● **WHAT YOU WILL DO**
The listing below is to be copied exactly, with pictures excluded.
= Beginning of Section =
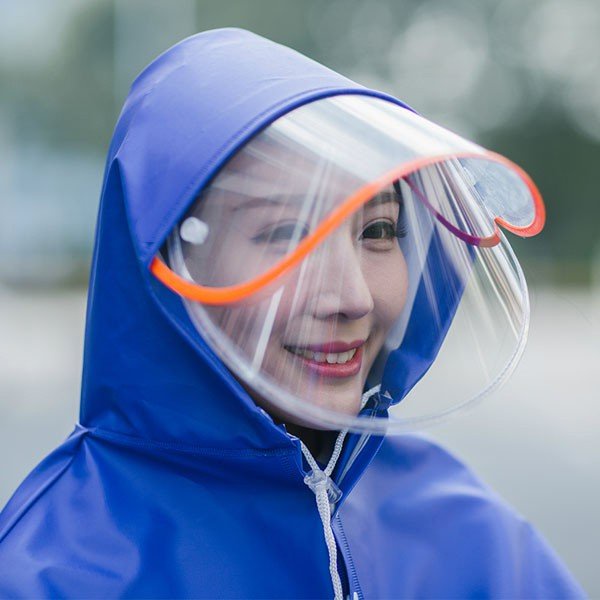 Áo mưa phản quang người lớn 1 đầu cánh dơi có kính che mặt chống thấm nước người lớn đi xe máy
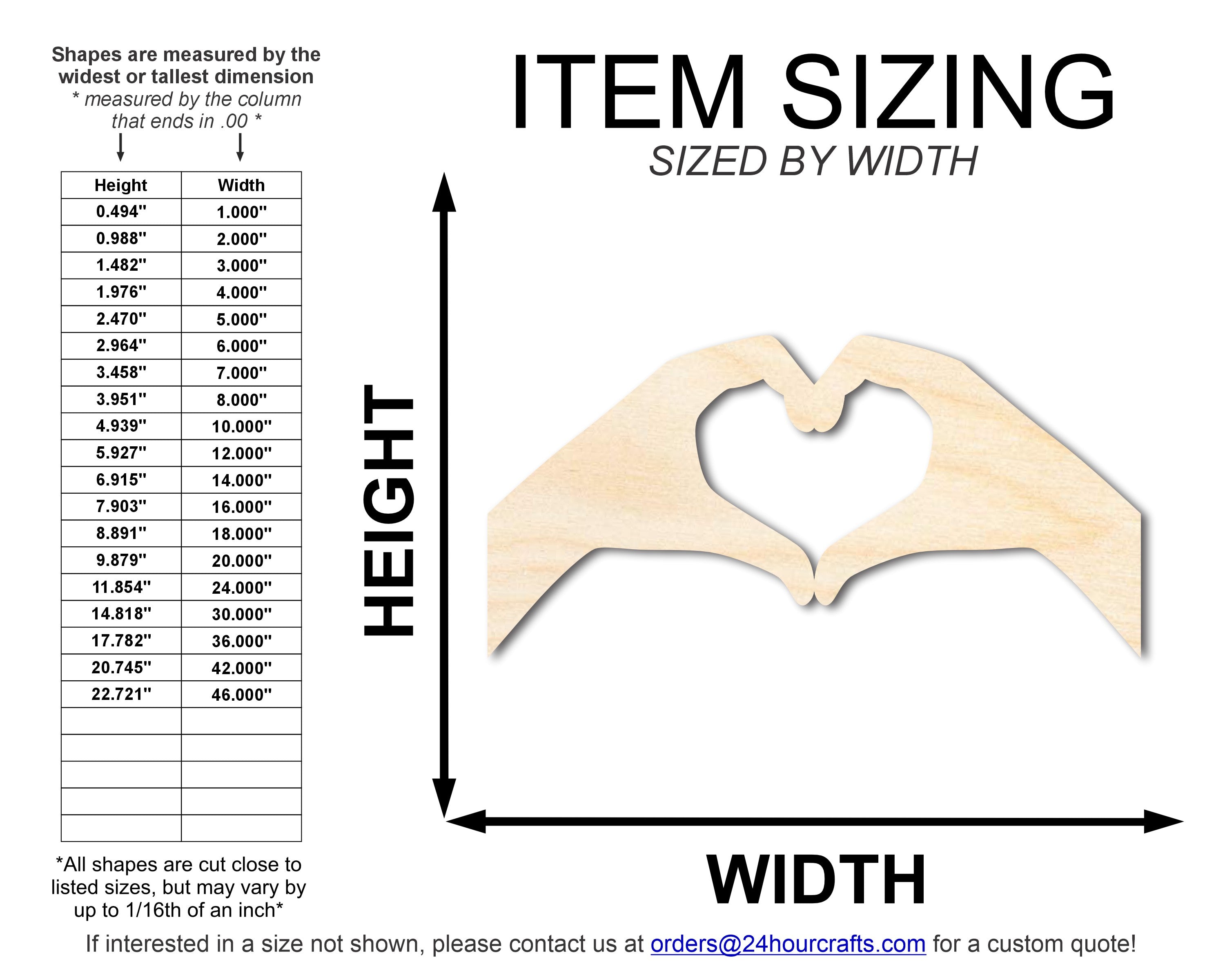 Unfinished Baltic Birch Wood Heart Hands Shape Cutouts for DIY Crafts | Up to 46 Inches in Size for Multiple DIY Projects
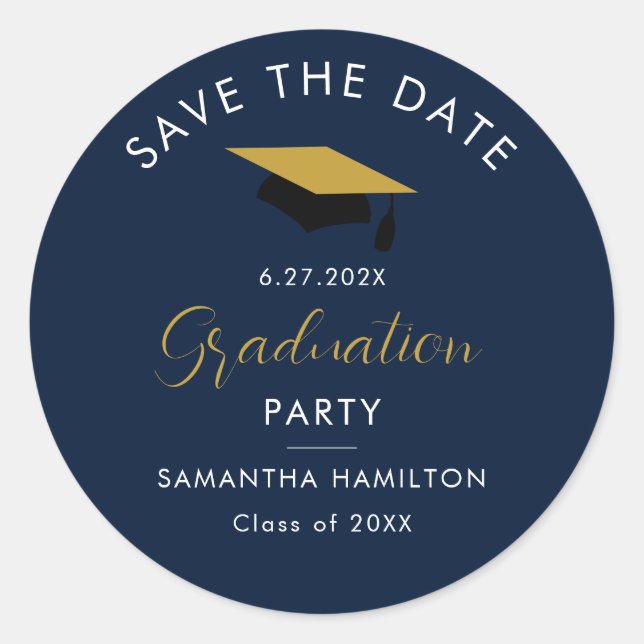 Sticker Rond Graduate 2024 Script Enregistrer la date Grad Part (Devant)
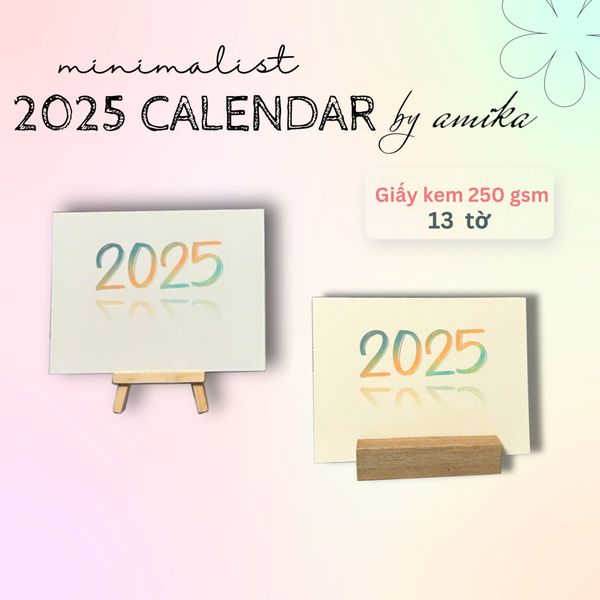  2025 Minimalist Calendar by amika - Lịch để bàn thiết kế có âm lịch 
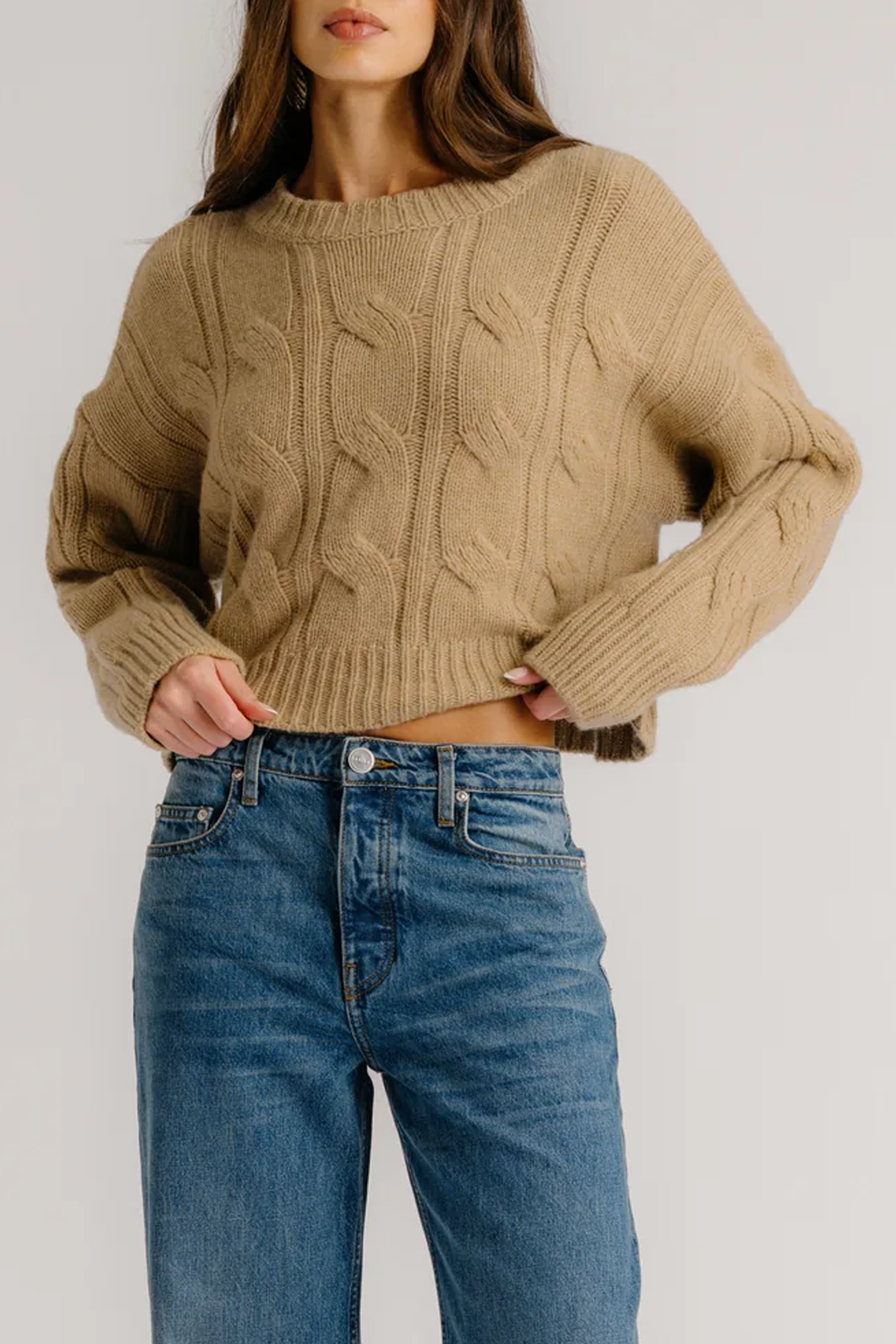 SABLYN Tristan Crewneck Cable Sweater - Camel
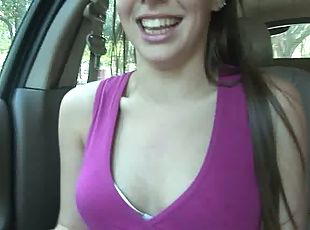 Busty brunette chick masturbates on the front seat of car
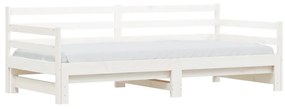 Sofá-cama com gavetão 90x200 cm madeira de pinho maciça branco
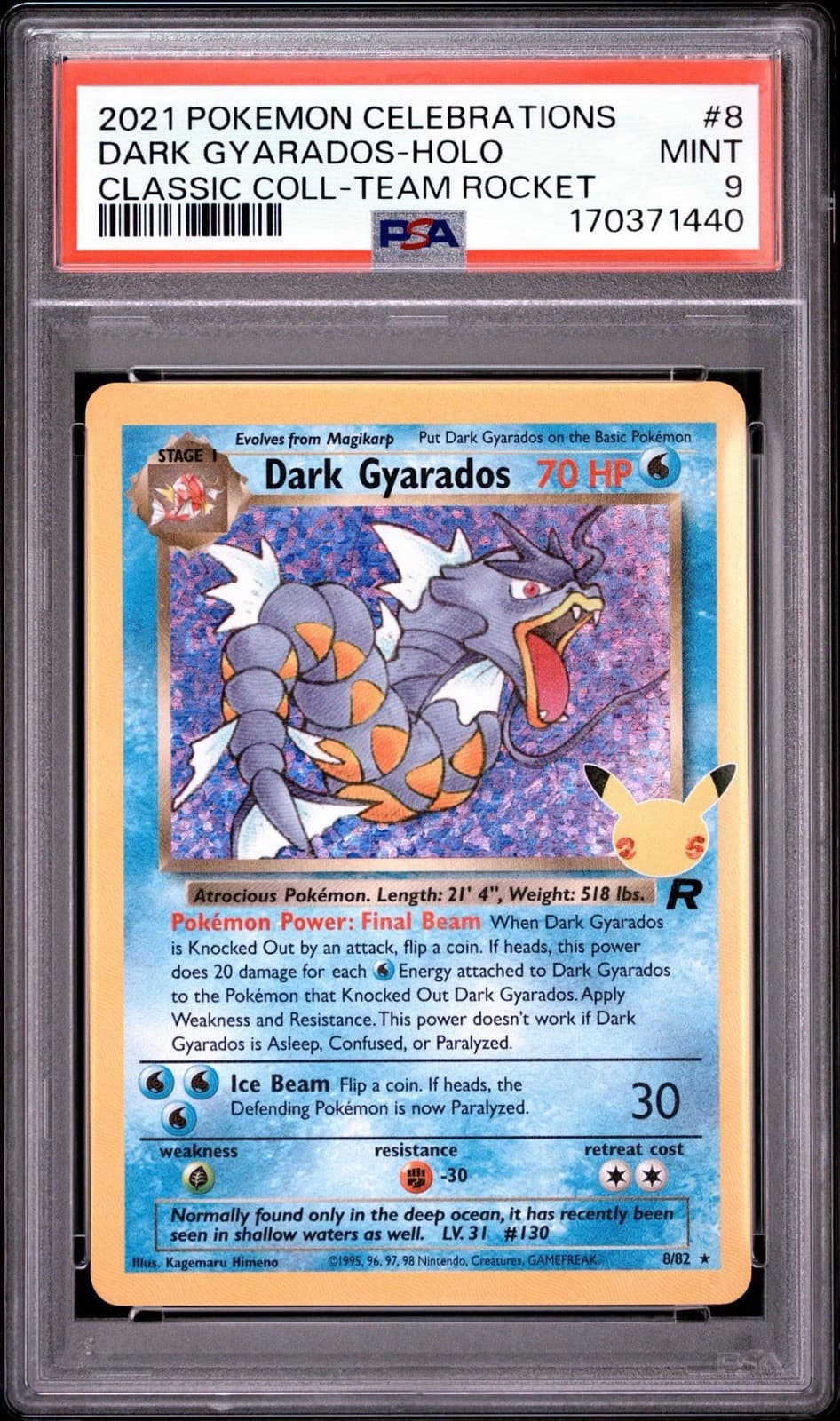 2021 POKEMON CELEBRATIONS CLASSIC COLLECTION #8 DARK GYARADOS-HOLO PSA 9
= End of Section =
● **WRITTEN SOLUTION**
 Áo mưa phản quang người lớn 1 đầu cánh dơi có kính che mặt chống thấm nước người lớn đi xe máy
 Unfinished Baltic Birch Wood Heart Hands Shape Cutouts for DIY Crafts | Up to 46 Inches in Size for Multiple DIY Projects
 Sticker Rond Graduate 2024 Script Enregistrer la date Grad Part (Devant)
  2025 Minimalist Calendar by amika - Lịch để bàn thiết kế có âm lịch 
 SABLYN Tristan Crewneck Cable Sweater - Camel
 Busty brunette chick masturbates on the front seat of car
 Sofá-cama com gavetão 90x200 cm madeira de pinho maciça branco
 2021 POKEMON CELEBRATIONS CLASSIC COLLECTION #8 DARK GYARADOS-HOLO PSA 9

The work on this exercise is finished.